Hey babe, are you back already? Why aren’t you snoozing off your jetlag?’
‘I’m not too bad, actually. I reckon I’ve got till mid afternoon before I’ll need starch for my eyelids. Thanks for looking after stuff for me: the plants all seem to be clinging onto life and the pile of mail looks utterly frightening.’
‘Yeah. You sure have a large fan club. You’ll see I left you some spag bol in the fridge and there’s also a new carton of soy.’
‘Aww, Stace. You’re the bestest.’
‘Although beef may be a shock to your system after eating Indian for two months. I still can’t believe you didn’t get sick.’
‘Yarr. So much for the auto diet I was expecting. I should complain and get a refund. I’ve put on another five kilos, I reckon.’
‘You’ve got a lot of bones to cover there, Missy, I’m sure it will be unnoticeable.’
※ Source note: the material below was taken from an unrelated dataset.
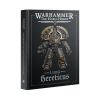 Horus Heresy -  LIBER HERETICUS (FRANCAIS)
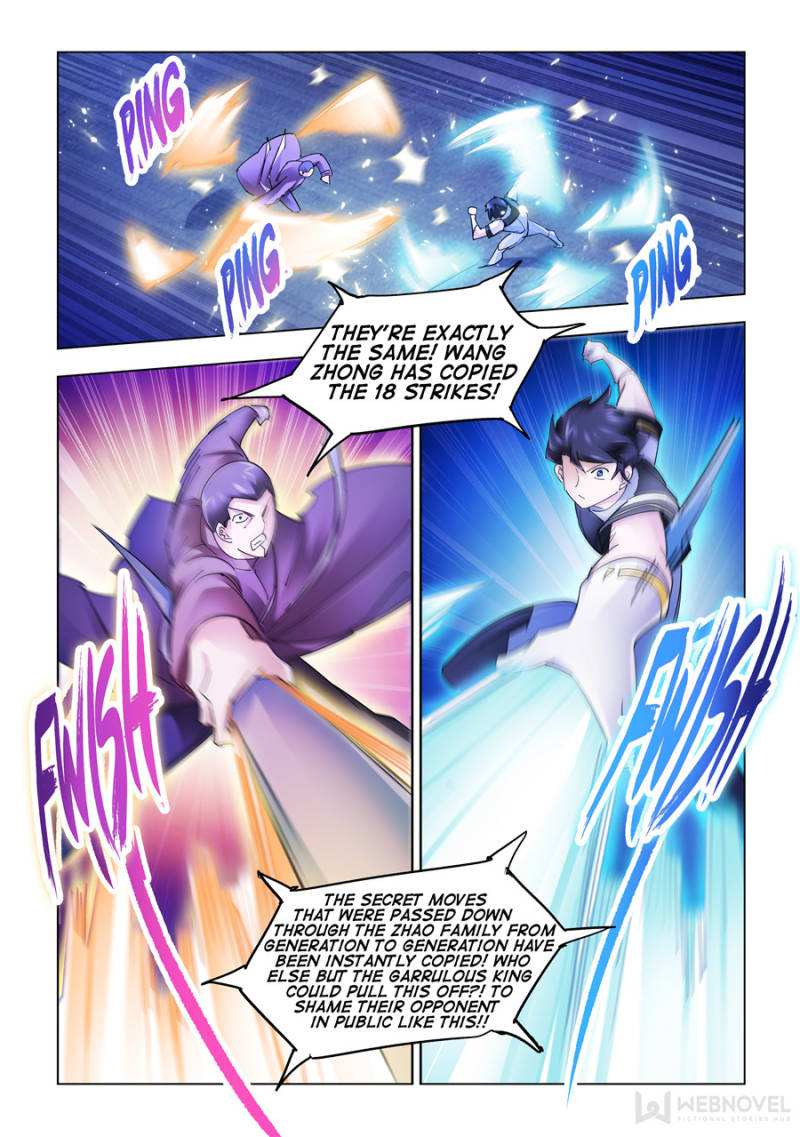 Battle Frenzy Chapter 197 - Page 5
‘But I notice. Particularly when zipping up my jeans causes major organ displacement. I’ll be heading to the pool as soon as I’ve unpacked and stuck a load of washing on.’
‘Okay. Drop me a line on Hangout when you’re ready for action. I could do with some power walking around the park when you’re up for it, and we can catch up on some chin-wagging at the same time.’